— Activity —
Show all lines from the listing below that contain "Vintage".

— Information supplied —
- Opening Delimiter -

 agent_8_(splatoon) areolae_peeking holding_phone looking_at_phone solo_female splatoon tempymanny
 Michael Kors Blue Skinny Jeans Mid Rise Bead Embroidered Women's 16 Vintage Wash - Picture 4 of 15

- Closing Delimiter -
- Opening Delimiter -

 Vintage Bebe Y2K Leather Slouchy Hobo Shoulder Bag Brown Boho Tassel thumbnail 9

- Closing Delimiter -
- Opening Delimiter -

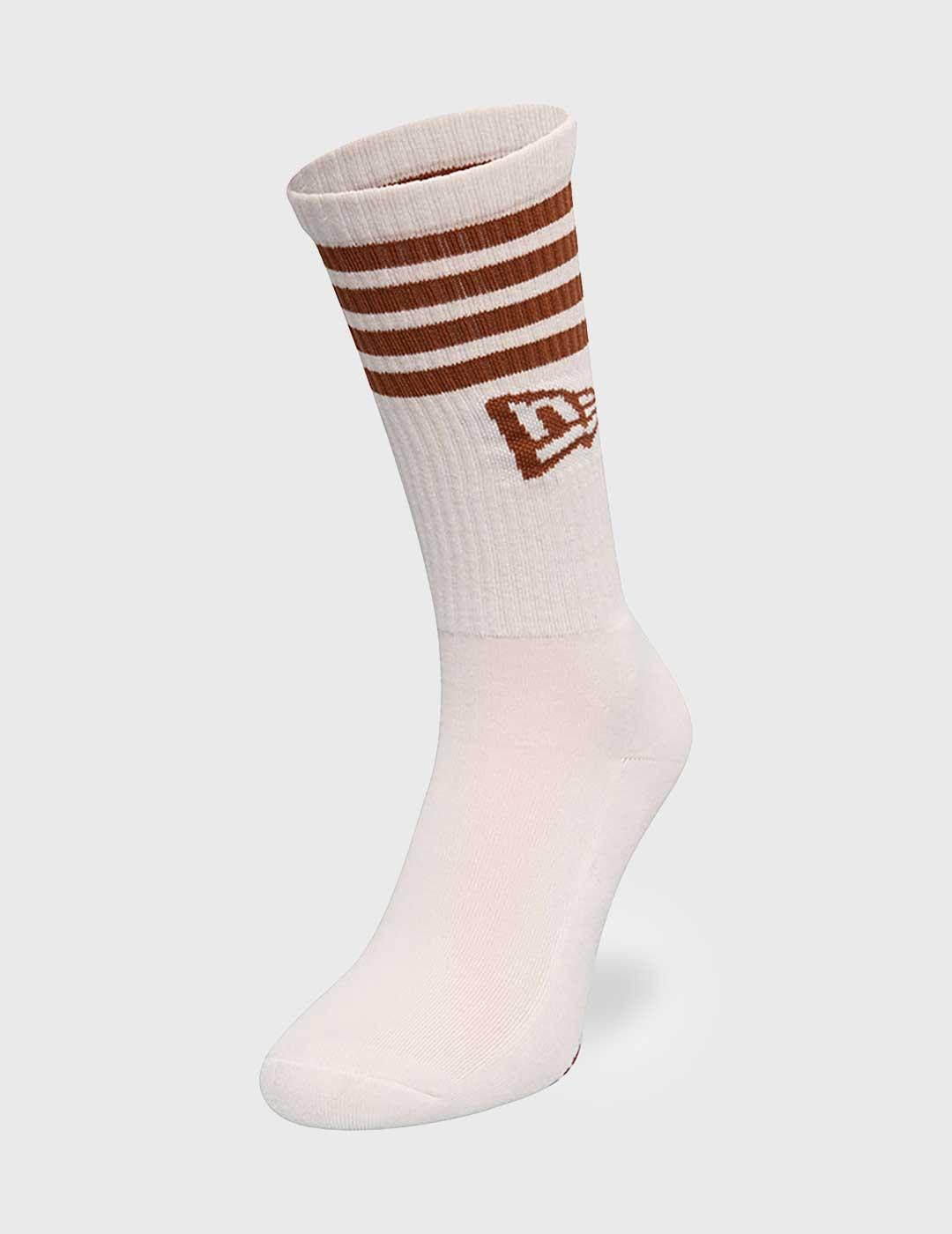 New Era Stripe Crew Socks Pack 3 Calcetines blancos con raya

- Closing Delimiter -

— Solution for this task —
 Michael Kors Blue Skinny Jeans Mid Rise Bead Embroidered Women's 16 Vintage Wash - Picture 4 of 15
 Vintage Bebe Y2K Leather Slouchy Hobo Shoulder Bag Brown Boho Tassel thumbnail 9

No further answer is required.